Por su aspecto lo apodaban “el vikingo”. Había ascendido vertiginosamente en la
Administración hasta que empezó a “destapar” algunos negociados turbios de
empresas poderosas; una actitud que no solía ser tolerada en ese ambiente: “no
nos dejan trabajar”, se quejaban las empresas; “así no hay forma que podamos
hacer las cosas”. Un ascenso oportuno y
un traslado a la oficina central era la forma de inactivar a quienes
interferían con estos arreglos espurios. El gobierno prometió “limpiar” la
Administración, pero en las oficinas todos coincidían que esos eran “cacareos
para la gilada”. Sin embargo, de pronto
allí estaba, el mismo vikingo estacionando la camioneta atrás de la oficina y
aprestándose a descender con su humanidad de 120 kilos. Con órdenes precisas de
enderezar la Administración, en cuanto asumió decidió recorrer la zona a su
cargo. La lluvia de la noche anterior lo obligó a abandonar la traza de la ruta
y tomar un camino lindero; para cuando alcanzó la oficina entró exactamente por
detrás. Lentamente comenzó a recorrer los 50 metros que lo llevaban a la
casilla. “¡Guscaaardi!”, gritó el turco a viva voz. “¡Callate turco!”,
respondieron a coro los cinco jugadores. ¡Guscaaardi! Volvió a gritar ahora más
fuerte; “turco, nos tenés hartos con tus bromas estúpidas”, dijo “el rata”, uno
de los inspectores que con su cara finita y nariz aguzada hacía mérito al
apodo. “¡Es Guscardi!”, insistió el turco, preso de pánico al ver el avance del
Director General. “¡Tomátelas turco!!”, se enojó Canita, obsesionado con el
póker que atesoraba en sus manos.
Guscardi
avanzó hasta la puerta; el turco, en su afán de evitar el desastre se aferró al
picaporte con fuerza. Altos, los dos hombres se miraron cara a cara a través de
la ventanita. Ambos sujetaron el picaporte tirando en sentido contrario.
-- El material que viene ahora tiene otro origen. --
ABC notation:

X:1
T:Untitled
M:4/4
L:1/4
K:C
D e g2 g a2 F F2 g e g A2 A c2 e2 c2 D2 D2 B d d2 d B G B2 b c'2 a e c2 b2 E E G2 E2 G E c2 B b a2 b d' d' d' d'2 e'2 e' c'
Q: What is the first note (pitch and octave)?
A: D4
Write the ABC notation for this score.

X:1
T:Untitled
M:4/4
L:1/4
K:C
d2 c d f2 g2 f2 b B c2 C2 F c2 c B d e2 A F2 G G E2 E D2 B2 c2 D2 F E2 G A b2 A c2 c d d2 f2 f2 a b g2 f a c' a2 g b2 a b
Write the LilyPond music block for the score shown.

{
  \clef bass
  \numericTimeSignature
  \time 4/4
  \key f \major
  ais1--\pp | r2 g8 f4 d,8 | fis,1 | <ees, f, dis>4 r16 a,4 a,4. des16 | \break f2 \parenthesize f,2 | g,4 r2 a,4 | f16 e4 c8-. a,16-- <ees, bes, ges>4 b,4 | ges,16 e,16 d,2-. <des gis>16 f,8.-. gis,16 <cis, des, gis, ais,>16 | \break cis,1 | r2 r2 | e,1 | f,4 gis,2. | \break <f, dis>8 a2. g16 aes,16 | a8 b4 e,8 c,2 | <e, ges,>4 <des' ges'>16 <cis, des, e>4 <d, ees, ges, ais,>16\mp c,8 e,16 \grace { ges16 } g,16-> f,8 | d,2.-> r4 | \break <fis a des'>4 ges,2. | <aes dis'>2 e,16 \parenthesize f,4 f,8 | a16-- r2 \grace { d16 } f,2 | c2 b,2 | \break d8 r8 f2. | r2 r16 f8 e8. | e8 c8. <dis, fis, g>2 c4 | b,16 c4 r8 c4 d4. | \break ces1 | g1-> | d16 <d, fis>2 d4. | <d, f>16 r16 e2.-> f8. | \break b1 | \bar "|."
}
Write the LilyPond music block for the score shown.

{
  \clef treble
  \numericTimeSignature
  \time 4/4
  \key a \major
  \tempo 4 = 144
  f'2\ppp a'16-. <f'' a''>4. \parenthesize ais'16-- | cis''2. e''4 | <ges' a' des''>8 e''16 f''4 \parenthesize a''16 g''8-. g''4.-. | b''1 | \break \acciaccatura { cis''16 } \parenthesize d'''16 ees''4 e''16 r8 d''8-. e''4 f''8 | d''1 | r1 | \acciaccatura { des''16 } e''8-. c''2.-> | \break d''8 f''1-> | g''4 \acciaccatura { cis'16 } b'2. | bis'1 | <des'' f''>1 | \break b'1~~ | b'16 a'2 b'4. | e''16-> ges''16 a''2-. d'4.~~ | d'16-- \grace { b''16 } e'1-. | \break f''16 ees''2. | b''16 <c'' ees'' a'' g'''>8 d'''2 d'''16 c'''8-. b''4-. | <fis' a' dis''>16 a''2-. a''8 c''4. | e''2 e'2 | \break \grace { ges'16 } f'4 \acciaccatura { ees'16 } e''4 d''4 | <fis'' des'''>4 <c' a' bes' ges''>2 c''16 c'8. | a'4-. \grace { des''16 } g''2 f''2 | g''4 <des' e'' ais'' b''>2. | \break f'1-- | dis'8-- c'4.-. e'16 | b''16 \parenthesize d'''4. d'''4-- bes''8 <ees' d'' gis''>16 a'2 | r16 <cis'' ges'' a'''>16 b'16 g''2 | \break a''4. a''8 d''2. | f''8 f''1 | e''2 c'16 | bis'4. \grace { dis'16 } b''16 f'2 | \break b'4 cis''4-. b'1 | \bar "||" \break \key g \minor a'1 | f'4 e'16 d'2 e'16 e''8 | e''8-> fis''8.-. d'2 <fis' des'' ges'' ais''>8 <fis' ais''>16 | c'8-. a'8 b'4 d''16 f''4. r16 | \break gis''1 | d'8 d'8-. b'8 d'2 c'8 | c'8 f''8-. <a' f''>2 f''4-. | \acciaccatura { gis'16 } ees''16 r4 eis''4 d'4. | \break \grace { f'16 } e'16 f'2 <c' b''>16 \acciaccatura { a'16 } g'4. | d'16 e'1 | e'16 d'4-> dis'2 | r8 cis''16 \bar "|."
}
Ni
bien la puerta se abría un centímetro, el turco la cerraba de un tirón.
Guscardi, molesto, no alcanzaba a comprender por qué el hombre no le franqueaba
el paso. El forcejeo hizo que el vaivén se repitiera varias veces. Los dos
hombres eran fornidos, pero Guscardi era mucho más joven y carecía de
paciencia. Tomó la manija con fuerza y de un empellón abrió brutalmente la
puerta, haciendo volar al turco hacia afuera. El hombre se precipitó en la
niebla del recinto, ante las miradas estupefactas de los cinco rufianes.” ¿Qué
carajo es esto?”, dijo el recién llegado tomándose la cabeza. Anonadados, los
inspectores no salían de su sorpresa. Uno de ellos levantó las manos como si lo
estuvieran asaltando; otro, sobresaltado golpeó con la rodilla la base de la
mesa desparramando las fichas y la botella de whisky sobre la felpa. Con manos
temblorosas “el rata” trataba inconscientemente de acomodar las fichas, como si
devolviendo el orden de la mesa lo fuese a librar del escarnio. “¡Esto es un oprobio!”, bramó Guscardi. “¡Una
vergüenza increíble! “¡Sacándose la
plata entre ustedes, no tienen escrúpulos!”. “¡A los muchachos no les haga
nada, es todo culpa mía!” Dijo el jefe. “¡Usted cállese alcornoque corrupto!,
“¡usted es un oprobio para la institución!; ¡todo aquí es un oprobio!”. La
palabra, repetida una y otra vez golpeó como un martillo en la mente poco
educada de Canita. “¿Oprobio?”, pensó. Alcornoque era una palabra que había
escuchado alguna vez de su madre, y corrupto era algo que había aprendido por
experiencia ganada, pero oprobio, pensó; ¿que sería oprobio? ¿Y por qué él
sería un oprobio?
“¡Los
voy a echar a todos! Vociferó amenazante el vikingo; “¡Manga de…, manga de…,
manga de atorrantes!”, completó finalmente la frase. “¡Les haré un sumario y
los sacaré de un plumazo!; ¡Escorias!” “Por favor”, atinó a balbucear Canita
nuevamente. “¡Cállese corrupto! ¡Usted
es un oprobio; todos ustedes son un oprobio para la institución!”, corrigió,
señalando con el dedo acusador.
Alejado
de la trascendencia de la expulsión inminente, a Canita le preocupaba más que
el Administrador General le dijese que era un oprobio. “¡Dan asco! ¡Tomando
alcohol en horas de trabajo, jugando a las cartas!; ¡Los voy a echar a todos!”.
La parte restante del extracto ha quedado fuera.